Committed (2000)

reviewed by
Scott Renshaw


COMMITTED
(Miramax)
Starring:  Heather Graham, Casey Affleck, Luke Wilson, Goran Visnjic,
Patricia Velasquez, Alfonso Arau.
Screenplay:  Lisa Krueger.
Producers:  Dean Silvers and Marlen Hecht.
Director:  Lisa Krueger.
MPAA Rating:  R (profanity, adult themes)
Running Time:  98 minutes.
Reviewed by Scott Renshaw.

Heather Graham is a lovely woman. Now that we have dispensed with the obvious, can we ponder for a moment the mystery of why she continues to pull down roles in films with edge and attitude, since she appears to have little of either? TWO GIRLS AND A GUY, BOOGIE NIGHTS, BOWFINGER -- in each she was competent, but primarily served the function of being a lovely woman. And in AUSTIN POWERS: THE SPY WHO SHAGGED ME, even competence eluded her. I can only guess that Graham gives killer auditions. On screen, she melts into the art direction whenever she's not serving the function of well, you get the picture.

Lisa Krueger's COMMITTED is a goofy, quirky sort-of romantic comedy that offers some pleasant character-based amusement. The fact that it's not more is only partly Graham's fault. She plays Joline, a New York nightclub booking agent who has decided that her word will always be her bond in life. That goes double for her marriage to Carl (Luke Wilson), which she values above everything else (to the point that she has had a wedding band tattooed to her finger). She is understandably distraught, therefore, when Carl decides he needs some space, and flees for parts unknown. But Joline takes nothing so seriously as "till death do you part," and so sets out on a road trip to find Carl. Eventually she tracks him down in El Paso, where he may not be terribly pleased about being tracked down.

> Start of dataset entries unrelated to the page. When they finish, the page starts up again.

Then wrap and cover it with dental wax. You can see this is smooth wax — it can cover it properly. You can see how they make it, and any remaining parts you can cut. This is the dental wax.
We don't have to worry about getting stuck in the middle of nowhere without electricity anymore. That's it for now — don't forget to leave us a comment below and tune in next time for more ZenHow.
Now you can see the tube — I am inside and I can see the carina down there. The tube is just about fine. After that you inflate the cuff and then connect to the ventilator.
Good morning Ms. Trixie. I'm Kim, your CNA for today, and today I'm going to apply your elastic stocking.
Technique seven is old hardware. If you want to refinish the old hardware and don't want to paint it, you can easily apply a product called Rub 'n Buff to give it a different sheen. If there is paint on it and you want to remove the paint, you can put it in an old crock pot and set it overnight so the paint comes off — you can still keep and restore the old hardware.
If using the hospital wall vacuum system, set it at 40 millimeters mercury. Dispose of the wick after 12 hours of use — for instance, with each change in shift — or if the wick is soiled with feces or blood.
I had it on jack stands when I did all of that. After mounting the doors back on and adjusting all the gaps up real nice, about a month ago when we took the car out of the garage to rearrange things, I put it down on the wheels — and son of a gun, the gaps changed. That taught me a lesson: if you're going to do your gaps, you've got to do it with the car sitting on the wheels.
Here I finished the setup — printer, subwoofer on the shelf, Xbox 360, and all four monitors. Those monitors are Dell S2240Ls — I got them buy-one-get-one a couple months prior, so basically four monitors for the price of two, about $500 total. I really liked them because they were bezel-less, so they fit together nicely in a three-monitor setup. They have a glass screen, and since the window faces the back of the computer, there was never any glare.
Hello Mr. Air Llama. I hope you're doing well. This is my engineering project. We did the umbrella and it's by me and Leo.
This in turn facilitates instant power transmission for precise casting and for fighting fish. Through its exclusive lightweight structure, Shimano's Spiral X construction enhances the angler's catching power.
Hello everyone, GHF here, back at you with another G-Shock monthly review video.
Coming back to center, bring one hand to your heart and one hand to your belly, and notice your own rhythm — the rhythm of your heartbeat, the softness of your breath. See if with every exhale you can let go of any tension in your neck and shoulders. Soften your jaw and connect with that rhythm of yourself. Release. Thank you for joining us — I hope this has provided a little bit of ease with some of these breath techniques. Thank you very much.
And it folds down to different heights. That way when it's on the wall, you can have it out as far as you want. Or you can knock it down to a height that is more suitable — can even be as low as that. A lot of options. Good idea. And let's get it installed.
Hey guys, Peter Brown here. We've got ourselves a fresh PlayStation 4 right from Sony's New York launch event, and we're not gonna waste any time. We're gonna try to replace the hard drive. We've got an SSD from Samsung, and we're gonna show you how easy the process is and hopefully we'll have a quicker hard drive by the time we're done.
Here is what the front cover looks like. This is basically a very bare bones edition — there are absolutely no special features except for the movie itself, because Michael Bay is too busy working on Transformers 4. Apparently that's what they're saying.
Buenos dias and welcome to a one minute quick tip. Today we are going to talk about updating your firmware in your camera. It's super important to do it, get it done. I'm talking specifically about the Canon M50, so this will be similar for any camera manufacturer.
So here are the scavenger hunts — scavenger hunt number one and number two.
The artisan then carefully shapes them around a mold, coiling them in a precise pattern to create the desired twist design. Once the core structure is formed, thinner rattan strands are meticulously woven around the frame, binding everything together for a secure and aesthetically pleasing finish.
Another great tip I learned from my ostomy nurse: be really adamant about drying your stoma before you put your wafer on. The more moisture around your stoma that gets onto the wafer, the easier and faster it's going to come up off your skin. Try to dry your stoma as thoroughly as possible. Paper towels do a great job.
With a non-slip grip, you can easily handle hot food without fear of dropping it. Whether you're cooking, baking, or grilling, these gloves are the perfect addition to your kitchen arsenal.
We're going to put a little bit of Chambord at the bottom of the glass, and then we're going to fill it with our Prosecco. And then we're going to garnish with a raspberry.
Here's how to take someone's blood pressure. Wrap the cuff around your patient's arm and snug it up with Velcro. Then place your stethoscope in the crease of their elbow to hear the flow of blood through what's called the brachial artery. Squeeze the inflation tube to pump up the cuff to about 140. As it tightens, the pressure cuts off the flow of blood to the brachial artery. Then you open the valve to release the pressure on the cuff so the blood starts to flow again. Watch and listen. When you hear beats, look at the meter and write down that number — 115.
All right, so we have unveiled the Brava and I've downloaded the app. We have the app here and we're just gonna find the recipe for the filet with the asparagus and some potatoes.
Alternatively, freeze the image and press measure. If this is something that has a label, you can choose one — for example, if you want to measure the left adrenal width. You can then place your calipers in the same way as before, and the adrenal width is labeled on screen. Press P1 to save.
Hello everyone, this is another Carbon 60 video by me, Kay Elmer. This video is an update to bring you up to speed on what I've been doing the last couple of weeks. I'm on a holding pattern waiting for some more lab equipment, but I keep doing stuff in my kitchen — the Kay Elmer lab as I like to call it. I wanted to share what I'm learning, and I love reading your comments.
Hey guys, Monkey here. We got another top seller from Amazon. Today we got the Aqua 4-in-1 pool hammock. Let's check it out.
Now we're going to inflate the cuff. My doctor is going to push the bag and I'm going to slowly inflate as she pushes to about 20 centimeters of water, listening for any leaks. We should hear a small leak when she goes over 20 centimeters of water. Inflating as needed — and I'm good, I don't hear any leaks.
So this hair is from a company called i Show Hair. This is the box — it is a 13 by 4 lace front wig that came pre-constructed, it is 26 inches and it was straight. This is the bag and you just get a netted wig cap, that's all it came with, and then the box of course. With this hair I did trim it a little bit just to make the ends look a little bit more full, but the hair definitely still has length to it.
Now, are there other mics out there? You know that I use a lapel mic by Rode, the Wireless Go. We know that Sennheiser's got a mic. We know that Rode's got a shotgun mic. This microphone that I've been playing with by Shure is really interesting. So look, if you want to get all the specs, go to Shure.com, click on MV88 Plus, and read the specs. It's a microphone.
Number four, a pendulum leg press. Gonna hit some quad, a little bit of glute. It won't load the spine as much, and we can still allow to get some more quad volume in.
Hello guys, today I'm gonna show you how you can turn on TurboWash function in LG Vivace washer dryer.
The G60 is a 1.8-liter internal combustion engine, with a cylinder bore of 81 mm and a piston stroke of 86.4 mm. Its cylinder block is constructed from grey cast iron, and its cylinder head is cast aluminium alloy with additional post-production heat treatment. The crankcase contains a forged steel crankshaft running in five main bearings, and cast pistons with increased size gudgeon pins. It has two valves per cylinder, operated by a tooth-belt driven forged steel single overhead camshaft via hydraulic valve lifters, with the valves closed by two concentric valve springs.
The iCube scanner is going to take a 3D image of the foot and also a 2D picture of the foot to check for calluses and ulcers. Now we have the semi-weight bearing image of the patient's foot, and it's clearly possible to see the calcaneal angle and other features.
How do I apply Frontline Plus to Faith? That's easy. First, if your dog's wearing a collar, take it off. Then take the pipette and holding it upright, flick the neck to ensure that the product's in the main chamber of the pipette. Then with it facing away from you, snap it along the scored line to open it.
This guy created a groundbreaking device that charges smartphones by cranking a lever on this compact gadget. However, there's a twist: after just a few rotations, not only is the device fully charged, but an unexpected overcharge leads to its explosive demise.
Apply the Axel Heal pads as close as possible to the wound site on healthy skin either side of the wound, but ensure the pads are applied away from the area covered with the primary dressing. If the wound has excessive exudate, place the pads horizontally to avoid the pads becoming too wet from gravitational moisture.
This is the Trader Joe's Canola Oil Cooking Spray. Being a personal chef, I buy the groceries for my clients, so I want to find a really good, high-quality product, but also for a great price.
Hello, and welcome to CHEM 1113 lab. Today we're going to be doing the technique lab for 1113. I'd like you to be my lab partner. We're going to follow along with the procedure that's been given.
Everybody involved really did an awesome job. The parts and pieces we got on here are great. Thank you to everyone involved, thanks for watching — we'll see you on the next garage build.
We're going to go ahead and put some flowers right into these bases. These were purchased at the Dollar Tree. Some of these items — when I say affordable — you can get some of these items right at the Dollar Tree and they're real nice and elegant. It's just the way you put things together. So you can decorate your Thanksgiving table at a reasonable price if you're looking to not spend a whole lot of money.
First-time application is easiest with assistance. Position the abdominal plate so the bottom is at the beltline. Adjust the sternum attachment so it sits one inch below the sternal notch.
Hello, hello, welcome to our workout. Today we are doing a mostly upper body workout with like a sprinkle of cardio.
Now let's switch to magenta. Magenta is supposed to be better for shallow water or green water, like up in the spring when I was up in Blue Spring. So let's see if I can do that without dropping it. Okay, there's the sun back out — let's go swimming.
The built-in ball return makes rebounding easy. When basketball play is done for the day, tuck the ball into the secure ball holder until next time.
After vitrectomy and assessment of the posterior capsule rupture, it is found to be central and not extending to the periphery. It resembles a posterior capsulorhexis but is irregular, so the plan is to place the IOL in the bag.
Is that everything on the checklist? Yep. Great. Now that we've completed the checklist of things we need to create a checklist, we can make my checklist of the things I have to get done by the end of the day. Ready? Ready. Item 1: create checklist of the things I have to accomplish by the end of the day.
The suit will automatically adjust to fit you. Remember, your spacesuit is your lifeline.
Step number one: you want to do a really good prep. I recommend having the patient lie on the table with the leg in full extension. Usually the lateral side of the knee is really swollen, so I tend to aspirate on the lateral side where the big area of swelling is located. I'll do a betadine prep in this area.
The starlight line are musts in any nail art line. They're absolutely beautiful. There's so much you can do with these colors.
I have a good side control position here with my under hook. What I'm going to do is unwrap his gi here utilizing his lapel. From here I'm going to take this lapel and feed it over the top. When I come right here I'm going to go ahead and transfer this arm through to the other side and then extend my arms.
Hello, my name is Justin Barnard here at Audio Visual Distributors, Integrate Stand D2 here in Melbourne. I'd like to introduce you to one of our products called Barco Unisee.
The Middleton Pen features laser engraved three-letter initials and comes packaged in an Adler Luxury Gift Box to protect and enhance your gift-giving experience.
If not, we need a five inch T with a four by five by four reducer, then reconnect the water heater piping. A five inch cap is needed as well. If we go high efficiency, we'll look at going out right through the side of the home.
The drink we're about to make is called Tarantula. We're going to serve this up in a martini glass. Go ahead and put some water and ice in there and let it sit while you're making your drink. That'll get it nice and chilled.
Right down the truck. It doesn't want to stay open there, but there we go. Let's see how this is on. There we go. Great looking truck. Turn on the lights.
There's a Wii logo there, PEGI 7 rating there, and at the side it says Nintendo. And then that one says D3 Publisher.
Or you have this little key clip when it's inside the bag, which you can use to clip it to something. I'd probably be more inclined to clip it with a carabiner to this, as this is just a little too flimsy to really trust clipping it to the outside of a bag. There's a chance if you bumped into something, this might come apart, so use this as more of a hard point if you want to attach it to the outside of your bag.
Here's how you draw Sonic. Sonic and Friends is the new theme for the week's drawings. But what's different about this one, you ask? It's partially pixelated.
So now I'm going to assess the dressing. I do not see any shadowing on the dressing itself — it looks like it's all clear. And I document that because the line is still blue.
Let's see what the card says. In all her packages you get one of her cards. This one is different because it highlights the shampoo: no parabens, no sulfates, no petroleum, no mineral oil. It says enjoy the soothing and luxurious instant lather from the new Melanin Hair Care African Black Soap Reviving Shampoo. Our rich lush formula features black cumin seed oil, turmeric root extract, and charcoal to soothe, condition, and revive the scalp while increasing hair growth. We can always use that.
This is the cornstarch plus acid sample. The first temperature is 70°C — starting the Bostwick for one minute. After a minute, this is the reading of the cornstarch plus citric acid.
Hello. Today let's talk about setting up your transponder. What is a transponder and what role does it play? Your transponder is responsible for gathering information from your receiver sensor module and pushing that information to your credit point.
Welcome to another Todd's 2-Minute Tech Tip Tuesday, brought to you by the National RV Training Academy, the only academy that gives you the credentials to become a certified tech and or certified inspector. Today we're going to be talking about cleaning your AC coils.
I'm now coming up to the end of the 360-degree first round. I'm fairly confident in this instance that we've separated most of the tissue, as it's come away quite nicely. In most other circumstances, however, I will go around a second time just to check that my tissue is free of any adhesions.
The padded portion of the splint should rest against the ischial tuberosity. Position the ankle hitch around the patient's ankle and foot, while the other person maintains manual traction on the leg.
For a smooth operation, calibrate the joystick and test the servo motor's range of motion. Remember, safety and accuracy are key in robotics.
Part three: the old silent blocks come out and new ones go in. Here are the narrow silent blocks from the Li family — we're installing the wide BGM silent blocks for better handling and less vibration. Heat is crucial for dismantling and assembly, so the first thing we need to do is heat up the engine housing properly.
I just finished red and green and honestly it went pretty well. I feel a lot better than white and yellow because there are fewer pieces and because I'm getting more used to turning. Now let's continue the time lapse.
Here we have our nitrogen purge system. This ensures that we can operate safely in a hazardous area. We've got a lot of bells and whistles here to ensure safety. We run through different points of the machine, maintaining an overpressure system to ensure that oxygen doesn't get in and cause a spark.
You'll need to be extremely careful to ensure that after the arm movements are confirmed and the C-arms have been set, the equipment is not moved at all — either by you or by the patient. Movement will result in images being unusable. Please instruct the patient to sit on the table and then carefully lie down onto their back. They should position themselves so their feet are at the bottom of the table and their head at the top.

For a little while, I thought Krueger was on her way to making COMMITTED a sly commentary on children of divorce coping with their own commitment issues. We learn that Joline's own parents split, perhaps inspiring Joline to the equivalent of a child of an alcoholic's proselytizing teetotaling (as it may have inspired her brother Jay, played by Casey Affleck, to a somewhat creepy attachment to Joline). Krueger may even have intended the film as a commentary on the way society looks at people with passionate commitments. There's something intriguing about the way it is assumed someone who will fight to the end for a marriage must be a bit nuts, just as it is assumed fervent believers in anything must be a bit nuts.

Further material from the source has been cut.